▸ Exercise: Transcribe the entire listing faithfully; every line must match the original.

▸ Provided data:
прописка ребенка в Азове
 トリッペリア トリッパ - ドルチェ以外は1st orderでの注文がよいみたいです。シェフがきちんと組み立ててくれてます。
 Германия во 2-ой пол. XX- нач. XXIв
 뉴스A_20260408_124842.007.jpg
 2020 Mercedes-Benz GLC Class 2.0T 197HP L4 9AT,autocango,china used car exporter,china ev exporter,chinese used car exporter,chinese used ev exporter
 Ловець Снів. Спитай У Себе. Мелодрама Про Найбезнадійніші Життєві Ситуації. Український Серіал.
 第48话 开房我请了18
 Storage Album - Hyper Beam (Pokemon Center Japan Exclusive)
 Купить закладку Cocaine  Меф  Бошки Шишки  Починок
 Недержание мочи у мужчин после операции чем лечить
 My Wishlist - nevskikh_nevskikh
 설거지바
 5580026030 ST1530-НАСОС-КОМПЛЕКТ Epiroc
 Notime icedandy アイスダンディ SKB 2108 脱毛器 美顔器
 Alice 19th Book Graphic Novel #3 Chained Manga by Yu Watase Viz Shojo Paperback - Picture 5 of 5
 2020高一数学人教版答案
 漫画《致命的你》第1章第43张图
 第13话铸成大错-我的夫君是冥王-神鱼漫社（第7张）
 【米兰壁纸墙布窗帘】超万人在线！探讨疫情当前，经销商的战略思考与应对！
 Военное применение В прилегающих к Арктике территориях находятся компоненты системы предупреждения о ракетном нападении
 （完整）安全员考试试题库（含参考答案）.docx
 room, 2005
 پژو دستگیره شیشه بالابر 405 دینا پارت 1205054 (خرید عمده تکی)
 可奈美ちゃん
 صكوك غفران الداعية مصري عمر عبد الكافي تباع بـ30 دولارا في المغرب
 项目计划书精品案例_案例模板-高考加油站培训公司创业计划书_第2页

▸ Output for this task:
прописка ребенка в Азове
 トリッペリア トリッパ - ドルチェ以外は1st orderでの注文がよいみたいです。シェフがきちんと組み立ててくれてます。
 Германия во 2-ой пол. XX- нач. XXIв
 뉴스A_20260408_124842.007.jpg
 2020 Mercedes-Benz GLC Class 2.0T 197HP L4 9AT,autocango,china used car exporter,china ev exporter,chinese used car exporter,chinese used ev exporter
 Ловець Снів. Спитай У Себе. Мелодрама Про Найбезнадійніші Життєві Ситуації. Український Серіал.
 第48话 开房我请了18
 Storage Album - Hyper Beam (Pokemon Center Japan Exclusive)
 Купить закладку Cocaine  Меф  Бошки Шишки  Починок
 Недержание мочи у мужчин после операции чем лечить
 My Wishlist - nevskikh_nevskikh
 설거지바
 5580026030 ST1530-НАСОС-КОМПЛЕКТ Epiroc
 Notime icedandy アイスダンディ SKB 2108 脱毛器 美顔器
 Alice 19th Book Graphic Novel #3 Chained Manga by Yu Watase Viz Shojo Paperback - Picture 5 of 5
 2020高一数学人教版答案
 漫画《致命的你》第1章第43张图
 第13话铸成大错-我的夫君是冥王-神鱼漫社（第7张）
 【米兰壁纸墙布窗帘】超万人在线！探讨疫情当前，经销商的战略思考与应对！
 Военное применение В прилегающих к Арктике территориях находятся компоненты системы предупреждения о ракетном нападении
 （完整）安全员考试试题库（含参考答案）.docx
 room, 2005
 پژو دستگیره شیشه بالابر 405 دینا پارت 1205054 (خرید عمده تکی)
 可奈美ちゃん
 صكوك غفران الداعية مصري عمر عبد الكافي تباع بـ30 دولارا في المغرب
 项目计划书精品案例_案例模板-高考加油站培训公司创业计划书_第2页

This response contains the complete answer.